__TASK ITEM__
Copy out exactly the lines from the one containing "HOOPET Portable Water" to the end of the records below, both included, and nothing else.

[Dataset entries]
•••

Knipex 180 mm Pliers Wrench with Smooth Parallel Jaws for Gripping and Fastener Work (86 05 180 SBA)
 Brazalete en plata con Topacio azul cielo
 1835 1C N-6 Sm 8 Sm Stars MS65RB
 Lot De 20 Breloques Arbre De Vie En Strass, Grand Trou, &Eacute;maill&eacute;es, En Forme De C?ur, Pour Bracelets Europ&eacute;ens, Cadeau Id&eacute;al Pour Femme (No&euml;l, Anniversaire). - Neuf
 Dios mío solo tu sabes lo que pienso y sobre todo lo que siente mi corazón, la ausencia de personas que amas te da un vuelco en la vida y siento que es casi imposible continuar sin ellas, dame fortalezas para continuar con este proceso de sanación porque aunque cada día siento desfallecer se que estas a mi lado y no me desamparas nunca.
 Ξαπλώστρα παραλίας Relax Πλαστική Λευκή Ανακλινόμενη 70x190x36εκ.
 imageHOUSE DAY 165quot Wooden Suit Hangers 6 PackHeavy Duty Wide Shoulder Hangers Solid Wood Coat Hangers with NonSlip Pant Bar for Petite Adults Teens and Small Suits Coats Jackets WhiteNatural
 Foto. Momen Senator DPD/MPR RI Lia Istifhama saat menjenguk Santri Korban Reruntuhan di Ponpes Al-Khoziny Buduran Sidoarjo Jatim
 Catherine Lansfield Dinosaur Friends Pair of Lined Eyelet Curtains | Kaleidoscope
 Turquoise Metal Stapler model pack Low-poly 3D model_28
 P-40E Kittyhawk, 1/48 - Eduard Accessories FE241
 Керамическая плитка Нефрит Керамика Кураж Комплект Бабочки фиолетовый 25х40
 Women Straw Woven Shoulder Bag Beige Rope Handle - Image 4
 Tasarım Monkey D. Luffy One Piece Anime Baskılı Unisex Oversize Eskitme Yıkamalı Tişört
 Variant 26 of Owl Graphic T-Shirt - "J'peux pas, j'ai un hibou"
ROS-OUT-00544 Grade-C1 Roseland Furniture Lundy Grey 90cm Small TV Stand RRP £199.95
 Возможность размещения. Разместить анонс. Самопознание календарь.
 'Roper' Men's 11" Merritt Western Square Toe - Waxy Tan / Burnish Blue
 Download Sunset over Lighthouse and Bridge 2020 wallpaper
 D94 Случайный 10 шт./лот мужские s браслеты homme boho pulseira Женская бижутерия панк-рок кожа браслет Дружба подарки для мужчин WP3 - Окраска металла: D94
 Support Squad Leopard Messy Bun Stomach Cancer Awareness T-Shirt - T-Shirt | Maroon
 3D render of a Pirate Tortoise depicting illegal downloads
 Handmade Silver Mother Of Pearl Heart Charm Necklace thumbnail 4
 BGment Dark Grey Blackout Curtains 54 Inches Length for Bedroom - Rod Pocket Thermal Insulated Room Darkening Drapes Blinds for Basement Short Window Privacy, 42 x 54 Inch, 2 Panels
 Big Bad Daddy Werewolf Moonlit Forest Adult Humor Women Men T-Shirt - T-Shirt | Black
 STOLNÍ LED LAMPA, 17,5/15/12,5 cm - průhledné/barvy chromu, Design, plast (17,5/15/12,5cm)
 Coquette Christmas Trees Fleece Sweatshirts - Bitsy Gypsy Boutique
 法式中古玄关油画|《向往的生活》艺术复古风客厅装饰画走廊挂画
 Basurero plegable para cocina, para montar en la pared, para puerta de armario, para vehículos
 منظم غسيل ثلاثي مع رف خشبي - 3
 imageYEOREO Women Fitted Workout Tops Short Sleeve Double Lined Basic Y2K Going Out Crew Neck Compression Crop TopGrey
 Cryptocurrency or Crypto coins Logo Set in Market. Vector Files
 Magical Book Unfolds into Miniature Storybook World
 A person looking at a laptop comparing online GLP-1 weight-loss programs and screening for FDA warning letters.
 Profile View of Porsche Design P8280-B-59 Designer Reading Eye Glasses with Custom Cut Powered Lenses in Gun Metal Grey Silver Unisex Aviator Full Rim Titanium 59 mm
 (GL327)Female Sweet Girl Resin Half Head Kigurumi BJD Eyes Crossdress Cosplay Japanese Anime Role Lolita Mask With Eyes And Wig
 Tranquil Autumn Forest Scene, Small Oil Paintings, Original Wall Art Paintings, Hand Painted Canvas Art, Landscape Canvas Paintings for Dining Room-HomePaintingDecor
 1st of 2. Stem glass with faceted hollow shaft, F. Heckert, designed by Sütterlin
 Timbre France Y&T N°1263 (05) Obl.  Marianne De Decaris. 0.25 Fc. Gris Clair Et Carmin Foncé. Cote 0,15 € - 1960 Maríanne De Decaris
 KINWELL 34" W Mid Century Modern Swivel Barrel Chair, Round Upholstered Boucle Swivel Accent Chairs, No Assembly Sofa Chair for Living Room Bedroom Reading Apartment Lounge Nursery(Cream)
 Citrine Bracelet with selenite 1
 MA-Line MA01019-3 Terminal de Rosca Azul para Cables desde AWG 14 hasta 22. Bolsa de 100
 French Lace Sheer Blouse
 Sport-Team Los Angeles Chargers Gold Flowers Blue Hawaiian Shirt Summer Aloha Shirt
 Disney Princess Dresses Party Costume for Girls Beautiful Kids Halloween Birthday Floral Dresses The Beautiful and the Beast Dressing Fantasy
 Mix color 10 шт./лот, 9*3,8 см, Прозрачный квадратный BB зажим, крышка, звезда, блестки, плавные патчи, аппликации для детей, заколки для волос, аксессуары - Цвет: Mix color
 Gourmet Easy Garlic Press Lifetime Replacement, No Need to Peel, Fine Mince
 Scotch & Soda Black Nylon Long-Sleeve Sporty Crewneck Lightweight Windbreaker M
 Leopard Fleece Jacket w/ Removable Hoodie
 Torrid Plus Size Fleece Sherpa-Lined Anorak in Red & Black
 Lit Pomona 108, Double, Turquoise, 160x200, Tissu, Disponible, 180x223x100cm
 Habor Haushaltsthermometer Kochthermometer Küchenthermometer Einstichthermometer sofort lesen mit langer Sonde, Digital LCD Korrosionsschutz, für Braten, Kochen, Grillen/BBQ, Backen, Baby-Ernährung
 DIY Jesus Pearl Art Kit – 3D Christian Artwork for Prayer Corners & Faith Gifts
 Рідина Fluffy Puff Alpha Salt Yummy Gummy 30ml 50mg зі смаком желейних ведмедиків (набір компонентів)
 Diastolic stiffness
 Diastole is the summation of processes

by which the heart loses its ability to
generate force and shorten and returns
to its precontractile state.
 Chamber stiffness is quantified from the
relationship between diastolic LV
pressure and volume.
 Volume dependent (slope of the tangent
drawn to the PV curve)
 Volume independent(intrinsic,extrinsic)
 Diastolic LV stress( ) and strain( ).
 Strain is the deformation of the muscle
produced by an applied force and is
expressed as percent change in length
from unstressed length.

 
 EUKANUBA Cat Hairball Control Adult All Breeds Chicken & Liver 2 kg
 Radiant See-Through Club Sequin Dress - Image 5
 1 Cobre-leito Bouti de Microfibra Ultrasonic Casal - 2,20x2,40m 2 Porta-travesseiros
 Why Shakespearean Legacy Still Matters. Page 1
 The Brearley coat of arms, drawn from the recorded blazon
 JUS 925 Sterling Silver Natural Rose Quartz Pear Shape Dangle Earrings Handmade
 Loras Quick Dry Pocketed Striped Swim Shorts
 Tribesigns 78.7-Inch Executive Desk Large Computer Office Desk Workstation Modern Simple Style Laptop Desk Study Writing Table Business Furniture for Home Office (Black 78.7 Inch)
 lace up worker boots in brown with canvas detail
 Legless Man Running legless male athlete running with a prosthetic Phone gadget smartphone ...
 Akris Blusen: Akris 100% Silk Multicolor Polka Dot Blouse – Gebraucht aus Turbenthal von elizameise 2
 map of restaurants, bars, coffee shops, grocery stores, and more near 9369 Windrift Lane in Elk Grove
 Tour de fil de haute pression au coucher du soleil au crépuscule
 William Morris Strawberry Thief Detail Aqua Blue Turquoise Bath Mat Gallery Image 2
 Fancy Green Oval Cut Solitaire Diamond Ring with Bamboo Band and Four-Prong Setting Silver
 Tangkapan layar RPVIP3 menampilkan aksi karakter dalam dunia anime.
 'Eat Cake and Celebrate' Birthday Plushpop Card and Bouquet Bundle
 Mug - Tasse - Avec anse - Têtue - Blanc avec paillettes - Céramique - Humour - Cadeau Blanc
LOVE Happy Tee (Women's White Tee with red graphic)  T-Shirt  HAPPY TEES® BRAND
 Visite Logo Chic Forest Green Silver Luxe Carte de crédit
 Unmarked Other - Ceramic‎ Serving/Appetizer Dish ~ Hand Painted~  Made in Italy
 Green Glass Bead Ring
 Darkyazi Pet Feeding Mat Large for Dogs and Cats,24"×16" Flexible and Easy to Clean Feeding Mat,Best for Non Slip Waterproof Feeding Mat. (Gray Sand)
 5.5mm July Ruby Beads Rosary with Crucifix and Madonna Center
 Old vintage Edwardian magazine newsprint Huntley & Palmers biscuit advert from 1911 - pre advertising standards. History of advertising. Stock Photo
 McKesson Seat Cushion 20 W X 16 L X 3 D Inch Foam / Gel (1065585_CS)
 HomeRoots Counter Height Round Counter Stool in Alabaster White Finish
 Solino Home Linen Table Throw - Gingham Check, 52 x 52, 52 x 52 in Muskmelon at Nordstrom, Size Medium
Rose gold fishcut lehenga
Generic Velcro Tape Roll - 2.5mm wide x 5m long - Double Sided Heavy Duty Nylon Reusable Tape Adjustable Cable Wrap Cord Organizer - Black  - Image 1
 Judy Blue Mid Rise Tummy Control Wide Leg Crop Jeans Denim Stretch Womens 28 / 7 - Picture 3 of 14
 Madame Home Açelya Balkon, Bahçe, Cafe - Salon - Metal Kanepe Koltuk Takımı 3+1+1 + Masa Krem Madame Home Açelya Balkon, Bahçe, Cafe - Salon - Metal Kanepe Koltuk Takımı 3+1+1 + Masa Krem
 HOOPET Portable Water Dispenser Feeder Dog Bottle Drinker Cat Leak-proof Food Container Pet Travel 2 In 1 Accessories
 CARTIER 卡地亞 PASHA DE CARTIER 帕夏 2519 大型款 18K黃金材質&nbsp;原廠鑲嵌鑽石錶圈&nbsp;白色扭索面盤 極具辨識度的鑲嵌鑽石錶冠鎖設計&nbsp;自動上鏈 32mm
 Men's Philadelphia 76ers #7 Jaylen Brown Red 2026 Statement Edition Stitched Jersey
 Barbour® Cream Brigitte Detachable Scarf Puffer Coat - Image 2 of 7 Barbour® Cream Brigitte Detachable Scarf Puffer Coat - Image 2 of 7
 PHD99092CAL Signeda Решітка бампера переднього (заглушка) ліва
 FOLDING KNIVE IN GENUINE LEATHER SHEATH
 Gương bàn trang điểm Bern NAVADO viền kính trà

•••

__SOLUTION TO THIS TASK__
 HOOPET Portable Water Dispenser Feeder Dog Bottle Drinker Cat Leak-proof Food Container Pet Travel 2 In 1 Accessories
 CARTIER 卡地亞 PASHA DE CARTIER 帕夏 2519 大型款 18K黃金材質&nbsp;原廠鑲嵌鑽石錶圈&nbsp;白色扭索面盤 極具辨識度的鑲嵌鑽石錶冠鎖設計&nbsp;自動上鏈 32mm
 Men's Philadelphia 76ers #7 Jaylen Brown Red 2026 Statement Edition Stitched Jersey
 Barbour® Cream Brigitte Detachable Scarf Puffer Coat - Image 2 of 7 Barbour® Cream Brigitte Detachable Scarf Puffer Coat - Image 2 of 7
 PHD99092CAL Signeda Решітка бампера переднього (заглушка) ліва
 FOLDING KNIVE IN GENUINE LEATHER SHEATH
 Gương bàn trang điểm Bern NAVADO viền kính trà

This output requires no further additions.